1. Oskar Blues Dale’s Pale Ale: Dale’s is the canned beer that started it all. It’s a well-balanced, hop-forward pale ale with floral, piney notes fit for the woods.
2. Bell’s Winter White Ale: Not all winter beers have to wallop you over the head with alcohol and spices. In fact, Bell’s Winter White Ale doesn’t use any spices at all.
3. Avery IPA: A great balanced IPA out of Boulder, Colorado.
4. Anderson Valley The Kimmie, The Yink & The Holy Gose: Tart and salty but easy to session at only 4.2 percent ABV.
5. Deschutes Mirror Pond Pale Ale: The Bend, Oregon, brewery makes a lot of great beers but just started canning this one in 2013.
6. Anderson Valley Winter Solstice Seasonal Ale: If you like your winter warmers a bit more restrained in alcohol but still big in taste, Anderson Valley’s Winter Solstice will be right up your alley.
7. Fremont Harvest Ale: A fantastic fresh hop pale ale.
8. Half Acre Daisy Cutter Pale Ale: This Chicago local is lighter-bodied and boasts strong citrus.
9. 21st Amendment Hell or High Watermelon Wheat: It’s a picnic in a can.

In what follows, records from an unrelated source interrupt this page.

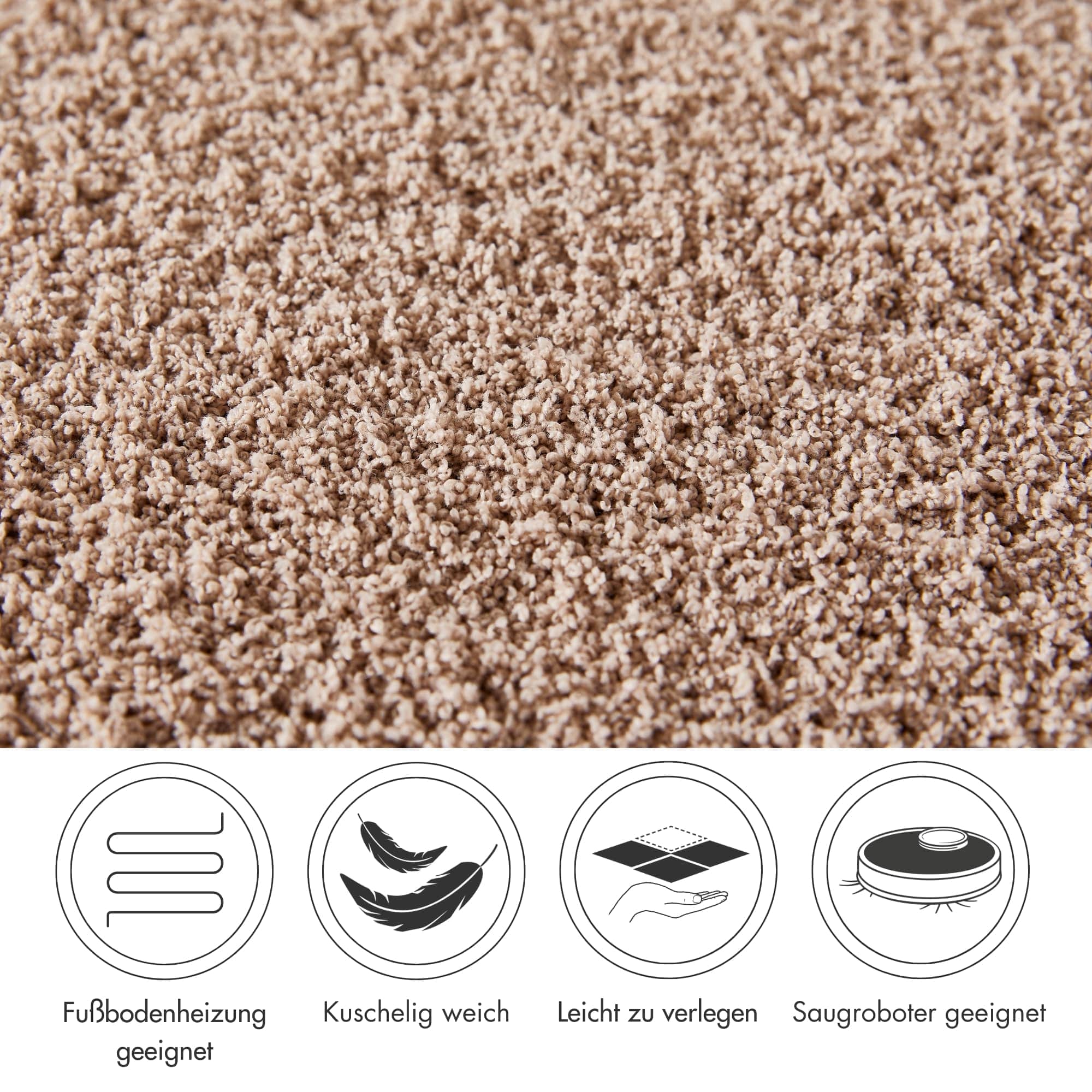 Andiamo Teppichboden »Softness, Velours, Made in Belgium«, rechteckig, 17 mm Höhe, Uni Farben, Breite 400 cm, besonders weich, Wohnzimmer, Schlafzimmer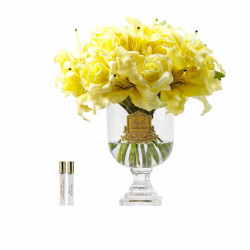 Cote Noire-Versailles Lilies & Roses Bouquet Gold & Ivory White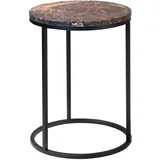 Gradel Beistelltisch NICO, Braun - Schwarz - Ø 39 cm - Marmorplatte - Metallgestell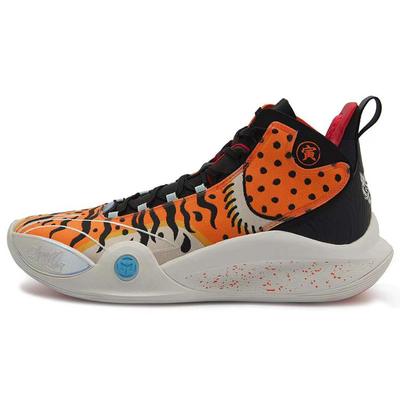 Li Ning CJ-1 McLemore 1 Zapatillas de Baloncesto de Caña Media Duraderas Antideslizantes para Hombre Zapatillas Deportivas Negro Naranja ABAR019-25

10. Big Sky Trout Slayer: Craving a wheat beer without the fruit? Big Sky’s Trout Slayer is as pure as it gets: unfiltered, crisp and sessionable.
11. Sixpoint Resin: New Englanders, rejoice! This massive hop bomb weighs in at 9 percent ABV and more than 100 IBUs, and its name tips the hand of its dominant characteristic: sticky, resiny hops.
12. Ballast Point Sculpin: Until recently, this stellar IPA was a hoppy gem available only in 22-ounce bombers with limited distribution. Thanks to a big ramp-up in production, you can now find it all over both coasts and in travel-friendly cans.
13. Surly Coffee Bender: Coffee Bender is an American brown ale that drinks like a porter.
14. Maui CoCoNut Porter: Specialty malts play nicely with a touch of sweetness from toasted coconuts.
15. Anderson Valley Barney Flats Oatmeal Stout: A backcountry beer for backcountry camping. Dark and roasty, this beer will complement any food cooked over an open flame.
16. Sierra Nevada Torpedo Extra IPA: Did you know the Torpedo is the best-selling IPA in the country? Now you do.
17. Rhinegeist Truth IPA: A potently hopped, fruity IPA from Cincinnati.
18. Bell’s Oberon Ale: It’s a shame this excellent wheat is only available in the spring and summer.
19. Golden Road Wolf Among Weeds: A strong IPA from one of L.A.’s first craft breweries.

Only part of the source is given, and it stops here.